The question I wanted to pose this week involves what you can and cannot chart. Should there be a set of charting standards or should stations be able to chart whatever they want?  This question came up specifically a few weeks ago when a station pointed out to me that somehow Iggy and the Stooges and The Kinks both made it on the HIP HOP top 40 chart.
(You might remember back to early last year when Sharon Jones made it onto the Hip hop charts and that also had some people up in arms. )
But should these stations be able to chart those records? I have reached out to CMJ and they are aware of the station and I have reached out via twitter and email to the MD of the station to see what they have to say about it and will update if I hear back.

My stance is that yes there should be standards by witch stations have to adhere to.
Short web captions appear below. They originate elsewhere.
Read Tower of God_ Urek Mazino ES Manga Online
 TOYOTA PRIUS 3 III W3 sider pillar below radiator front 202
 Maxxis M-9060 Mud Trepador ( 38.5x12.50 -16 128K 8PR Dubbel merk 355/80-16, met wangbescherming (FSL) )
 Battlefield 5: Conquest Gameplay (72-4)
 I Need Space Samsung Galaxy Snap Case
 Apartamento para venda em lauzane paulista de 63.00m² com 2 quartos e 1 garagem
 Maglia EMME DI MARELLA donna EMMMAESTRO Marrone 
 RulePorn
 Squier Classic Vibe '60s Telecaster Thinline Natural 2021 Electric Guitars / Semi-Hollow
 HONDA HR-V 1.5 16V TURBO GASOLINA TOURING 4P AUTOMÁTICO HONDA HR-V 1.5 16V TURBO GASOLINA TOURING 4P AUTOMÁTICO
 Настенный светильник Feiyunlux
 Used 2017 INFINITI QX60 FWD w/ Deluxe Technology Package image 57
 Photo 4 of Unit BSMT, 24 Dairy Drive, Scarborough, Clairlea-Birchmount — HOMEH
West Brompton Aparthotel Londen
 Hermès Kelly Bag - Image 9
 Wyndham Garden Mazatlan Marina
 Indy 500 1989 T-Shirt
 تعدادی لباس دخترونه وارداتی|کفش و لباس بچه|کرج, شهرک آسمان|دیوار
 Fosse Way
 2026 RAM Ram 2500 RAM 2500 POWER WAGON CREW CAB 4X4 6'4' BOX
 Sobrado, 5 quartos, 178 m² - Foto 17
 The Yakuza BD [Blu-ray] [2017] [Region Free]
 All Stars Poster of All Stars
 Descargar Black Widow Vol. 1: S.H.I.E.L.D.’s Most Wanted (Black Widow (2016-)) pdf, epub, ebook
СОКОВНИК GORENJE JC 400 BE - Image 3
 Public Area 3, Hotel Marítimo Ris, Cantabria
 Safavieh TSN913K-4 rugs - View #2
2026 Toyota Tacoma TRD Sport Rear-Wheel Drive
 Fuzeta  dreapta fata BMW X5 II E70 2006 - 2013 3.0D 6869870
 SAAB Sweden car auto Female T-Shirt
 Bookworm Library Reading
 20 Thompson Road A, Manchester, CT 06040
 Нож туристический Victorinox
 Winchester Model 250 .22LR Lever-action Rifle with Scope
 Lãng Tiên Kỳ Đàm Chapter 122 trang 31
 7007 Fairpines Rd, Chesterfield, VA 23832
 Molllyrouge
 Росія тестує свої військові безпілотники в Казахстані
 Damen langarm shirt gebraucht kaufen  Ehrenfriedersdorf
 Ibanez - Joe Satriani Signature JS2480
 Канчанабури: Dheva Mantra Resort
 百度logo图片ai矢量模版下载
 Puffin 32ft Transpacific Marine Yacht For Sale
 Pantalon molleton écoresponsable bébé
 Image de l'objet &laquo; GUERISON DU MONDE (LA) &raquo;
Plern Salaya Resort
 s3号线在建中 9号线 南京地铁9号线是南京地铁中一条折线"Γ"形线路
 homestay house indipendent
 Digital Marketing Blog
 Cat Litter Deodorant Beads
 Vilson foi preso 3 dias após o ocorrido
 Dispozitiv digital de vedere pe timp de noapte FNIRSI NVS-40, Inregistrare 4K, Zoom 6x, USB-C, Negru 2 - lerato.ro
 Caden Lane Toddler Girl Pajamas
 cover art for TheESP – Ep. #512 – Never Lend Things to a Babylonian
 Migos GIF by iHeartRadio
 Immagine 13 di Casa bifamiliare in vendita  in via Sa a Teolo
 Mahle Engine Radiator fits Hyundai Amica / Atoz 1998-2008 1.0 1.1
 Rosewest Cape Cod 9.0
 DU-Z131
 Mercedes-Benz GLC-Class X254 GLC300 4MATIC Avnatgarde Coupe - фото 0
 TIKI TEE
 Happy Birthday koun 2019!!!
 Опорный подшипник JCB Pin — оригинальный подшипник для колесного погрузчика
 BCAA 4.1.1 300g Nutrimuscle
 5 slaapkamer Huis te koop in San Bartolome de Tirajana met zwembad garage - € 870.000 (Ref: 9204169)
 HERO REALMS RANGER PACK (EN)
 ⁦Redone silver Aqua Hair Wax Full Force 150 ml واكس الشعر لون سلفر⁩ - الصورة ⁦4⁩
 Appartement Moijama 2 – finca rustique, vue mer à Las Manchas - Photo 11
The specialty charts lose their credibility when records like The Kinks make it on the Hip Hop chart before artists that are trying to make a name for themselves at the genre. I would go way beyond that though. Not only would CMJ be vasty improved, in my opinion, if there were genre constraints but time constraints as well.  A station 3 weeks ago charted records that were over 10 years old on their CMJ chart.   I am sure there are arguments for allowing the station to do this.  I would LOVE to hear them.